The night that started on February 23 here in California, was the second worse in my life. For so many it is so much more terrible. I am still in this night.
I am writing this days later.
- First. I could not believe the words I was hearing from the channel of a Russian independent journalist, whom I really respected.
- Second, I forced myself to watch Putin's declarations of war. Since the covert war started 8 years ago and my hometown Donetsk and the lives of all dear to me people there from my childhood was destroyed, I could barely look at Putin's face, despite it was freaking everywhere, especially after Trump came to power, and he was idolized by many in US. But I dealt with my disgust. It was true, the Russian Federation invaded from multiple fronts.
- Third, they started bombarding the major cities. I have relatives and friends in some of them. I started making calls. I was able to reach my mother who was trying to tell me that I should not believe provocations. I made her promise me to dress warm and be ready to hide in a common basement. Our central apartment is at the top 5th floor, across the street to a central police building. I sent her multiple follow-up messages, but she refused to follow the links with true information. Now, my confused and demoralized mum is waiting for her fate, with her cat, ready to die.
- I could not reach my father, nobody picks up the phone, and his email accounts seem to be deactivated. I do hope he is in safety with his wife. I have extended family in Southern Ukraine, Kherson and Zaporizhzhia, and many dear people all over.
- Some of my friends in a South-Eastern city, not so far from Donetsk, are home, trying to keep calm with their kids. Some of my friends are in Kyiv, messaging that they are still alive. Some of my friends are in Moscow, in pain. My friends in Germany are shocked, one of whom is an ethnic-Russian.
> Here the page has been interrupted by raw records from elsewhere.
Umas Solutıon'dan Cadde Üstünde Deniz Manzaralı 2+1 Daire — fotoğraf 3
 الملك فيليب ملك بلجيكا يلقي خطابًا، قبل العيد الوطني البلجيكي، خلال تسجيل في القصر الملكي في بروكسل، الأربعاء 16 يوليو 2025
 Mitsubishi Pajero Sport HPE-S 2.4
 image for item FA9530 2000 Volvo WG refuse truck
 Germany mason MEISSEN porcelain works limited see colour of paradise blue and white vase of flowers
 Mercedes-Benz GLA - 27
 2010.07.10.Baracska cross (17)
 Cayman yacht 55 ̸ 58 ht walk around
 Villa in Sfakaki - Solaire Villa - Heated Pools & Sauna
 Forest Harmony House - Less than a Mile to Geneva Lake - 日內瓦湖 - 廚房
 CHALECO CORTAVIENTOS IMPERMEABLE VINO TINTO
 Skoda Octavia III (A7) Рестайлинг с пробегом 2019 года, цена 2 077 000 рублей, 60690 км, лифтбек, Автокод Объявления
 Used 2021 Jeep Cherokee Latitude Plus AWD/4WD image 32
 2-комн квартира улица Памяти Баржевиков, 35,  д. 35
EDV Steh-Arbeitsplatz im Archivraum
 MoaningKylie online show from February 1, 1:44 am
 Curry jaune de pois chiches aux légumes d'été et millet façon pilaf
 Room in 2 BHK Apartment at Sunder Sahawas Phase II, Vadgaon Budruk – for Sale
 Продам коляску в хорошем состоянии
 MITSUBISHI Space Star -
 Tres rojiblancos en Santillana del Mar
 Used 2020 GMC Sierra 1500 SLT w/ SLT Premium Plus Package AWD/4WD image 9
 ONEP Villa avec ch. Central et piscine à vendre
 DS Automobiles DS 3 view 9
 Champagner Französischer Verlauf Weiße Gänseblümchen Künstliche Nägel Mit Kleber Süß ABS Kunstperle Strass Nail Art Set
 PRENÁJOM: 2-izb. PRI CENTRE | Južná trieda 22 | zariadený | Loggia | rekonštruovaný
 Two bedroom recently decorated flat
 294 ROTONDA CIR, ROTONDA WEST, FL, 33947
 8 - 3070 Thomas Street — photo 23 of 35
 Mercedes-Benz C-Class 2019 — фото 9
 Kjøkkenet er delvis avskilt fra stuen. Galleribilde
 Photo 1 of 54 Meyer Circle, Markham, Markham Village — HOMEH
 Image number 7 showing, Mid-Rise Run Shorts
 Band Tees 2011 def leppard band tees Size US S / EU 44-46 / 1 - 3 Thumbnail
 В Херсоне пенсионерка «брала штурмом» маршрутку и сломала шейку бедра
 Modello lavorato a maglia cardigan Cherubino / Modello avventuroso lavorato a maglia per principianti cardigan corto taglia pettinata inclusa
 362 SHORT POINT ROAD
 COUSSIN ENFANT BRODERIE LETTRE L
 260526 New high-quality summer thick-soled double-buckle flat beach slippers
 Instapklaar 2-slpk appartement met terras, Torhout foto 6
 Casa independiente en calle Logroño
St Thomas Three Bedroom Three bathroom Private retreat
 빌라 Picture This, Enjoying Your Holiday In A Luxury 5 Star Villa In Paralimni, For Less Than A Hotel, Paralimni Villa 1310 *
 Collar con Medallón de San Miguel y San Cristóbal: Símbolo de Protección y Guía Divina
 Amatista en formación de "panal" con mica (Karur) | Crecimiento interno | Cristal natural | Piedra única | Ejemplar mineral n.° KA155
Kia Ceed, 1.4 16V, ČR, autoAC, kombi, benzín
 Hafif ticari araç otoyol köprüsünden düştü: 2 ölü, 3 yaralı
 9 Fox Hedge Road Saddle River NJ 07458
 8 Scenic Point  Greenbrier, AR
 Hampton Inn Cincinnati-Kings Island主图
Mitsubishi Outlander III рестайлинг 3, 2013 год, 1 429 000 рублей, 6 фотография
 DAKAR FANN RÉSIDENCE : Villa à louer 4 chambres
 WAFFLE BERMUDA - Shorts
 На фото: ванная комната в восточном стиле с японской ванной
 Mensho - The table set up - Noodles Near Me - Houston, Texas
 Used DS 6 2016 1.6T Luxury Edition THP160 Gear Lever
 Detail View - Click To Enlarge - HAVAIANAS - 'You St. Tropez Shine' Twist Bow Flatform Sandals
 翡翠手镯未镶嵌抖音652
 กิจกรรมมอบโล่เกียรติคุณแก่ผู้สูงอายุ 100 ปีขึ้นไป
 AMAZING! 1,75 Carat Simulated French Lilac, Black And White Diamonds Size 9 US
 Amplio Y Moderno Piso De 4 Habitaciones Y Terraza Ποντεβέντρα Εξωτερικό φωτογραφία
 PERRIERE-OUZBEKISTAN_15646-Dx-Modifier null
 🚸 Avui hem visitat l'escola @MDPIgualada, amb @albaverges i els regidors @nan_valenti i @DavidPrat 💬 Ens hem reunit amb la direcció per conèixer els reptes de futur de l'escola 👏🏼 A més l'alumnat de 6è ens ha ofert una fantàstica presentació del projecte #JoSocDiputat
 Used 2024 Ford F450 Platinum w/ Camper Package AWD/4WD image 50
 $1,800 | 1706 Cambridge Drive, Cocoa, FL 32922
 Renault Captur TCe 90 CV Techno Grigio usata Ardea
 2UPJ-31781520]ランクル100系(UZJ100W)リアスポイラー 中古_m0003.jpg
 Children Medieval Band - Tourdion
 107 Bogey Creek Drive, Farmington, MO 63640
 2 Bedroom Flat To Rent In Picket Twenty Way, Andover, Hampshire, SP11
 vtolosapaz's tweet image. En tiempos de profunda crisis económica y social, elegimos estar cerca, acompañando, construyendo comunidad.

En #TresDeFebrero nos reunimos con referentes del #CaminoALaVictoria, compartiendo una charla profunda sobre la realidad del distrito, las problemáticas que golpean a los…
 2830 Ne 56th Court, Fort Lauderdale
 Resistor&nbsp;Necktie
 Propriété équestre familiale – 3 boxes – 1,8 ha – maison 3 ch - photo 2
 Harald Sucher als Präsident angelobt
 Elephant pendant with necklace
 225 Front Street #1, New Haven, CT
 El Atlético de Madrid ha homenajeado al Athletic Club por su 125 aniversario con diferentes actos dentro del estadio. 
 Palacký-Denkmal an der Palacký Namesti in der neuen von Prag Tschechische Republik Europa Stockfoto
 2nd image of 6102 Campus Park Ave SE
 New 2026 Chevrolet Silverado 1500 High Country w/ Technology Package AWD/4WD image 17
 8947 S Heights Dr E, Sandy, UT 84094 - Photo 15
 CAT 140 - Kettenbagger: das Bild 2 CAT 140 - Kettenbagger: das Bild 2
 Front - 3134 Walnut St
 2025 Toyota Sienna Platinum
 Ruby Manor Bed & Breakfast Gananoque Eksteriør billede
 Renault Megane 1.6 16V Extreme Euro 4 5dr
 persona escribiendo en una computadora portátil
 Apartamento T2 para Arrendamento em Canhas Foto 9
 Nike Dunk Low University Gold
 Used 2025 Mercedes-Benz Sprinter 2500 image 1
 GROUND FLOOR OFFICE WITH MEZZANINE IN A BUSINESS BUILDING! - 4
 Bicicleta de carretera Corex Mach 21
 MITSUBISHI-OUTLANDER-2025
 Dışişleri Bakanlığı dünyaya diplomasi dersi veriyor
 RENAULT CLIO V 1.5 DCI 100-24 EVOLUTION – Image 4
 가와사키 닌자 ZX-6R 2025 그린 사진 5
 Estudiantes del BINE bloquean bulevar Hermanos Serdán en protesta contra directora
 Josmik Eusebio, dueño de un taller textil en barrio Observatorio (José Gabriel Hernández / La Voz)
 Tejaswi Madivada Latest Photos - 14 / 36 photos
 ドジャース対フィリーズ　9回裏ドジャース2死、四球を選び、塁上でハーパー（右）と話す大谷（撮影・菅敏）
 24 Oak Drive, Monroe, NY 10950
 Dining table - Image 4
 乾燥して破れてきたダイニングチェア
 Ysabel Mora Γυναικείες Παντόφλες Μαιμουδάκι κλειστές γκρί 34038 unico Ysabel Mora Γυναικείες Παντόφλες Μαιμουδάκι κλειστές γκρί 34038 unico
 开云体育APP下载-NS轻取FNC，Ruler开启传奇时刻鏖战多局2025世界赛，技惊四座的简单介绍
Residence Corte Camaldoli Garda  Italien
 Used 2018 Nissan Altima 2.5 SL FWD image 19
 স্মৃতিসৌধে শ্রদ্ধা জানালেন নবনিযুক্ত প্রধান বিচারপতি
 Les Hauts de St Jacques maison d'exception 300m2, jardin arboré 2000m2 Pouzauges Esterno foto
- I read and watched everything I could, including German parliament emergency sessions, military experts, medical information, but mainly the journalists on the ground and video reports by Ukrainians.
- The immensity of this horror and its consequences is hard to comprehend at once. Peoples with closest cultural, friendships, and blood ties are killing each other on a mass scale. But those who defend themselves have the right to do so. If you do not understand it, like some here in US, you have a serious flaw in your personal code of ethics. Most invaders are disinformed by a criminal KGB mafia, who get rich by robbing and selling Russian natural resources. Many of them are poor young idiots, with mothers who would not say a word to save their lives.
- I went through waves of horror, remembering new and new people in danger - my childhood friends, neighbors, co-students - everyone; sleeplessness to the point of half-madness, aggression, shouting, and crying. My husband was able to get home for one night from his new job on the East Coast with yet unclear schedule. He reminded me of who I was, that I could not go and fight. I switched to finding ways to do something. It was not much: inadequacy of money and payment methods.
- I believe Putin is able to use nuclear bombs. He would do it with deeper pleasure than being just feared or murdering so many fellow humans he despises. He would prefer the vast majority of us would cease to exist. The rage of humiliation, his default state of mind, is insatiable, from what I see. Many people are still talking about his game and such. I don't think so. People often want specifically the results they are achieving, it is not just a method to gain something else.
- Dear reader, don't think you can organize a nice life for yourself, fairly disconnected and observant, and never be confronted by catastrophes like this - some of them can hit you right in the core of your soul. I learned that responsibilities to others can help to live through it.